* TASK TO COMPLETE: Search the entries below for the word "Used" and copy each line that has it.

* STUDY MATERIAL:

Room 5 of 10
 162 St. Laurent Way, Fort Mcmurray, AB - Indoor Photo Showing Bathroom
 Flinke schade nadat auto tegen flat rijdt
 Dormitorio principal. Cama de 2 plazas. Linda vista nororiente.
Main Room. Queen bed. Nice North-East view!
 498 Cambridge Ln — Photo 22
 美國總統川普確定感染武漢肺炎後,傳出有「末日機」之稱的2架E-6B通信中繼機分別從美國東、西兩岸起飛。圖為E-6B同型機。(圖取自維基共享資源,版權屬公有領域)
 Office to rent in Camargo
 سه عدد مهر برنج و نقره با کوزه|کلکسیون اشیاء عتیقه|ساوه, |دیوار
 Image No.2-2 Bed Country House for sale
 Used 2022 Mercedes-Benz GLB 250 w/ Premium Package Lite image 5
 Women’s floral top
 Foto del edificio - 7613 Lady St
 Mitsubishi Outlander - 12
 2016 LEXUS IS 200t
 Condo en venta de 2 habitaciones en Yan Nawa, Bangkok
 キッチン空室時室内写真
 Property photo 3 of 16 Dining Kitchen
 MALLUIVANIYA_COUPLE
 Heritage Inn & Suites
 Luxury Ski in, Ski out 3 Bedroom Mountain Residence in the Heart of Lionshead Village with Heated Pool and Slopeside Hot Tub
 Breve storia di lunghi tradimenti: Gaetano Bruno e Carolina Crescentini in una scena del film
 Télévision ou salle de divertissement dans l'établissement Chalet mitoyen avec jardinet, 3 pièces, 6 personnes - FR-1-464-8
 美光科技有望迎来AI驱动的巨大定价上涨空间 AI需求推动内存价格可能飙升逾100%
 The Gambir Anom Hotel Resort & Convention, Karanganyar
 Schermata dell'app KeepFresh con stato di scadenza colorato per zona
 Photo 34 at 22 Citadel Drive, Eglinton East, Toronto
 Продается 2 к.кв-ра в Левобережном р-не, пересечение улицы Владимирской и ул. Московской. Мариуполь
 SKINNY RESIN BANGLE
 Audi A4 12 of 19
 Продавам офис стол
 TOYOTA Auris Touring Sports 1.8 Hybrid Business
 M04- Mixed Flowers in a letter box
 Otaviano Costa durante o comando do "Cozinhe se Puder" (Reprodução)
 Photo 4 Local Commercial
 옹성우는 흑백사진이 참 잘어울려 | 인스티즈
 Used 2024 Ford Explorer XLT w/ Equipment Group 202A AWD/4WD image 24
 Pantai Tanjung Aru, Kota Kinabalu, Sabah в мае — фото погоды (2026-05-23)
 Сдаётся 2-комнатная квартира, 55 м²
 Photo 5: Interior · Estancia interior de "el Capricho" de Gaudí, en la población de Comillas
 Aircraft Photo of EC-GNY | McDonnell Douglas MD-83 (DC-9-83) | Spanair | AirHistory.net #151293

* EXERCISE OUTPUT:
 Used 2022 Mercedes-Benz GLB 250 w/ Premium Package Lite image 5
 Used 2024 Ford Explorer XLT w/ Equipment Group 202A AWD/4WD image 24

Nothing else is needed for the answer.